As long as the opportunities for the small states to gain the attention of the rest of the world with something constructive and memorable remain relatively limited, the small states have to pick wisely on which internationally relevant endeavours they spend their limited resources. As is well know, Estonia has chosen the Internet and cyberspace as one of the main issues of its politics and is one of the proponents of openness on cyber issues. However, cyberspace also conceals in itself dangers, some of the most serious of which are cyber wars and cyber-attacks. What are they and what kind of law with which limitations should apply to this modern phenomenon?

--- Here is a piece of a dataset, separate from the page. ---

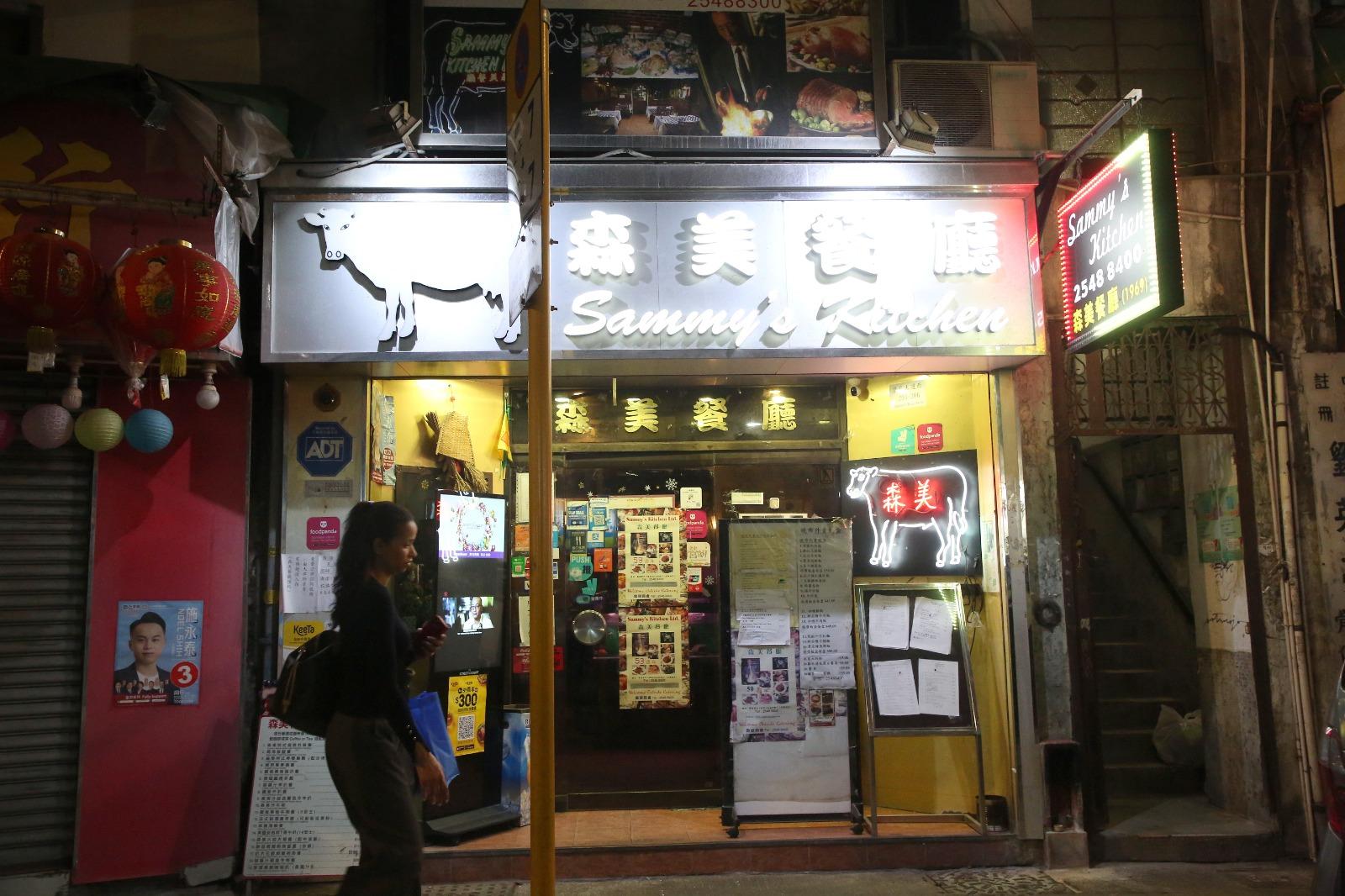 從前車來人往的皇后大道西,總有一隻發光的「牛牛」等著西營盤的街坊回家。(攝:董立華)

In March 2013 the Cambridge University Press published the Tallinn Manual on the International Law Applicable to Cyber Warfare, henceforth referred to as the Tallinn Manual.1 This was a result of the collective work of a group of experts led by professor Michael Schmitt from the United States Naval War College. Institutionally, however, the project was backed and commissioned by the NATO Cooperative Defence Centre of Excellence (NATO CCD COE), established in 2008 and located in Tallinn, which has made the book electronically accessible to all the interested parties.2 This is a praiseworthy decision and reflects the policy of open access to research funded by tax money, which is becoming more and more common across Europe. However, the authors of the project stress their independence as experts during the completion of the work and they do not want the views presented in the Manual to be attributed to the Cooperative Defence Centre, its sponsoring nations, or NATO (p. 11).

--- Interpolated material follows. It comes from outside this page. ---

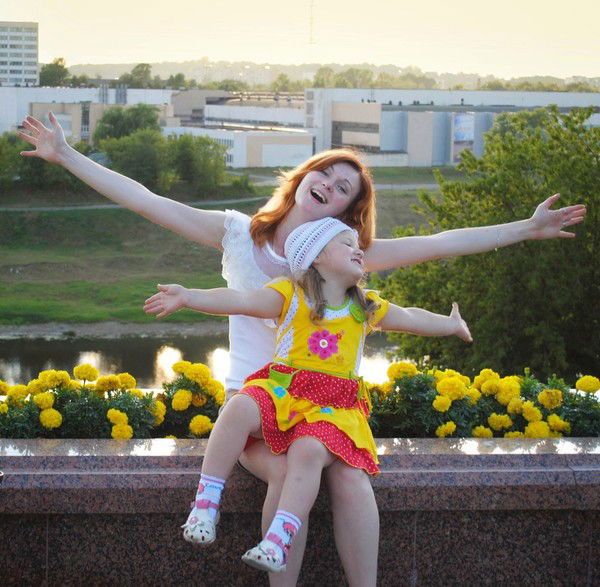 Оля Макаренко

In many ways, that project is no ordinary research paper on international law rather than a remarkable international event. The aim of this article is to shed some light upon the background and topic matter of the Tallinn Manual, and to consider how the authors have succeeded in their goal of working out all the main points of international law applicable to cyber warfare. This is a particularly intriguing endeavour with Edward Snowden’s revelations regarding the United States’ PRISM programme unfurling before our eyes over this summer. Likewise, South Korea recently announced that it blames North Korea for the cyber-attack perpetrated in June 2013 and directed against the websites of the South Korean government and media. Therefore there is no reason to doubt the continuing relevance of the issue of cyber conflicts.
The Tallinn Manual, Estonia and ‘Eastern Europe’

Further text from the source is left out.